In the first of HWO’s new monthly series profiling the important historical work being done by early career researchers, we asked Say Burgin at the University of Leeds to reflect on the importance of her doctoral research both for the discipline of history and for the politics of race and ‘diversity’ in our contemporary world. Burgin’s doctoral thesis explored white anti-racist organising in the USA since the 1960s.
‘Diversity’ training is one of the great constants of neoliberal institutions in the United States of America and, increasingly, elsewhere. By ostensibly forming workforces that appreciate notions of difference, the introduction of such training is seen as important to the constitution of multicultural free market expansion. Diversity training is also the cornerstone of what Chandra Talpade Mohanty famously called the Race Industry: ‘an industry that is responsible for the management, commodification, and domestication of race’. While Mohanty was specifically interested in institutions of higher education, scholars now widely assume that race (along with other differences) has become ‘managed’ in large part through the advent of training across institutional locations. Doing so has become profitable – both for the institutions and for those working in the Race Industry.

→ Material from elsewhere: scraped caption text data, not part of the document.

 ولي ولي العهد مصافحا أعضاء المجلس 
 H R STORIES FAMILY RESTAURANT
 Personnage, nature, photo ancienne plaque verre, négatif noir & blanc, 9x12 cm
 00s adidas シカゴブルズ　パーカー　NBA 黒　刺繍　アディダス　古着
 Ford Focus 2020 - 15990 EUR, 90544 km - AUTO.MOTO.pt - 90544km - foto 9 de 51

Such well-evidenced interpretations of diversitytrainings notwithstanding, these training processes also have roots within a number of radical social movements. Indeed, the Race Industry in the USA can easily be seen as a neoliberal effect of the kinds of radical knowledge and practices developed within black freedom, women’s and gay liberation movements: the accommodation and, indeed, management of radical ways of knowing race (and gender, sexuality, and other ‘categories’ of difference). Radical activists in the US know that the anti-racism workshop – the precursor, I maintain, to ‘diversity’ training – has a ubiquitous and long-standing place within racial justice activism, particularly within white-dominated organisations and groups.

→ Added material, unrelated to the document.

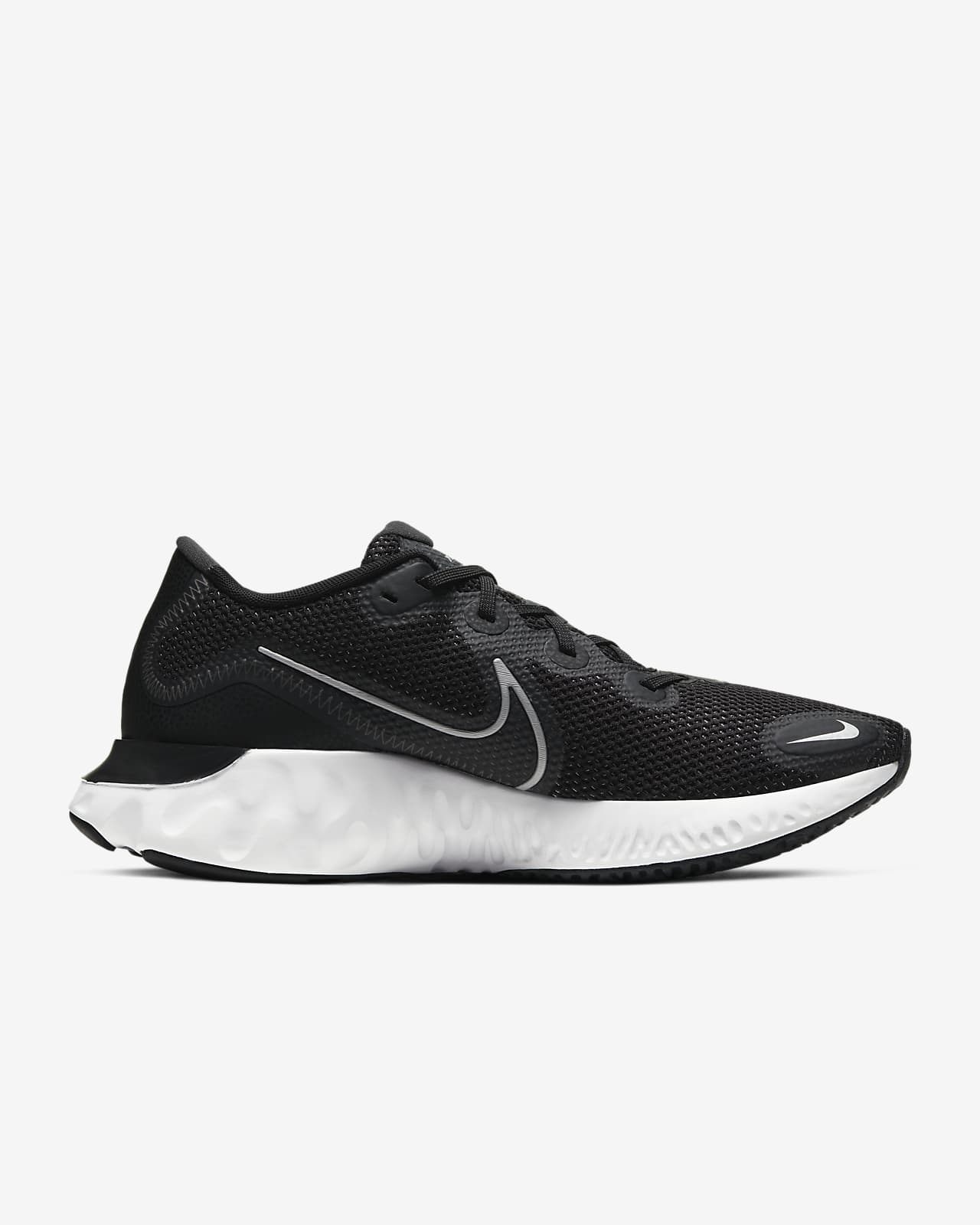 nike renew run trainers in black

Several years ago, when I was living and working as a community organizer in Pittsburgh, I co-facilitated a 10-week anti-racism workshop series for white radical activists. One of the essays we read was Catherine Jones’ widely-circulated 1997 article ‘The Work Is Not The Workshop: Talking and Doing, Visibility and Accountability in the White Anti-Racist Community’. Jones insisted that anti-racism workshops had problematically become the main channel of white racial justice activism. This ‘workshop-heavy’ culture, she argued, ‘places such strong rewards on high-visibility work, like conducting workshops or speaking and writing about racism’ that it ‘may have gotten to the point where it is more committed to supporting workshops than supporting the actual work’. Even as we deliberated it, our Pittsburgh group exemplified her critique.
At the same time, I was intrigued by the history implied in Jones’ appraisal and wondered how and when this ‘workshop-heavy culture’ had emerged. I began my postgraduate studies with this question in mind – alongside broader queries about the efficacy of various racial justice tactics and the historical relationships between US social movements. It soon became clear that many of the central insights of the academic subfield of critical whiteness studies had been articulated in early anti-racism workshops, which I traced back to the black freedom, women’s and gay liberation movements of the 1960s and 1970s. Indeed, what seemed clear to me was that Black Power had inaugurated an epistemic turn in US race relations and in oppositional movements. More than a shift in tactics or ‘mood’ – if such shifts were even so clear – Black Power worked to illuminate the ways in which race shaped people’s engagements with and knowledge of the world around them. For white folks, this included a fundamental misunderstanding of the racial landscape and history of the US. What critical race philosopher Charles Mills later referred to as ‘an epistemology of ignorance’, Stokely Carmichael and Charles Hamilton called a ‘poverty of awareness’ within ‘smug white communities’. They called on whites to perform an ‘educative role’, to create ‘freedom schools’ for middle-class whites.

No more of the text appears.